[
https://issues.apache.org/jira/browse/AVRO-25?page=com.atlassian.jira.plugin.system.issuetabpanels:all-tabpanel
]
Thiruvalluvan M. G. updated AVRO-25:
------------------------------------
Attachment: AVRO-25.patch
This patch addresses most of the issues raised by Doug.
- The names of the classes are Writer and Reader with the new API.
- I've removed the stacks that were used to validation of reading and writing.
- Changed the API so that the client must give the number of map/array entries
before writing the entries themselves. This change was required to get rid of
the stack in the writer.
I ran some performance tests to compare the new Reader/Writer API with the old
one. After removing the stack, the BasicValueWriter is marginally (2 to 4%)

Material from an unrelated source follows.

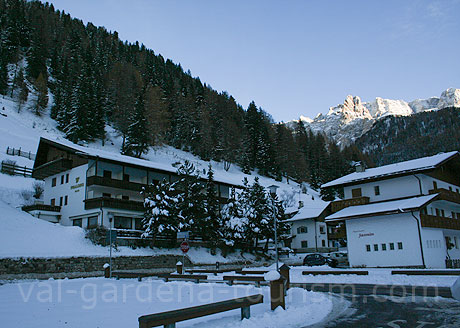 Das Hotel Pralong Wolkenstein seitlich aus gesehen foto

faster the old one. The BlockingValueWriter is about 10% faster (see the note
below)
The read performance with data written by BasicValueWriter are more or less
same as the original. There is no significant difference in performance for
both full read and projection read (where some fields are absent in reader's
record schema). With the data written by BlockingValueWriter the full read
performance is similar to the old code. With projection read the performance is
comparable if the field being ignored is not an array or map. If an array or
map field is ignored due to projection, as expected, the performance is about
three to four times better compared to the original.

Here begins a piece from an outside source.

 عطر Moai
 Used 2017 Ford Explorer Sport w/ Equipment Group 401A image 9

Note: I've not implemented one change suggested by Doug. There are still two
versions each of encodeLong(), encodeDouble() and encodeFloat(). One version
encodes into a stream and the other into a buffer. When I tried to have a
single version (that writes to a stream) and use ByteArrayOutputStream and
arrayCopy as a substitue for buffer version, the performance of
BlockingValueWriter fell by about 40%. With the buffer version, the performance
went up by 10%. This is perhaps because, for example, encoding each long will
require about 5 calls to OutputStream.write(int). The buffer version does no
function calls.
> Blocking for value output (with API change)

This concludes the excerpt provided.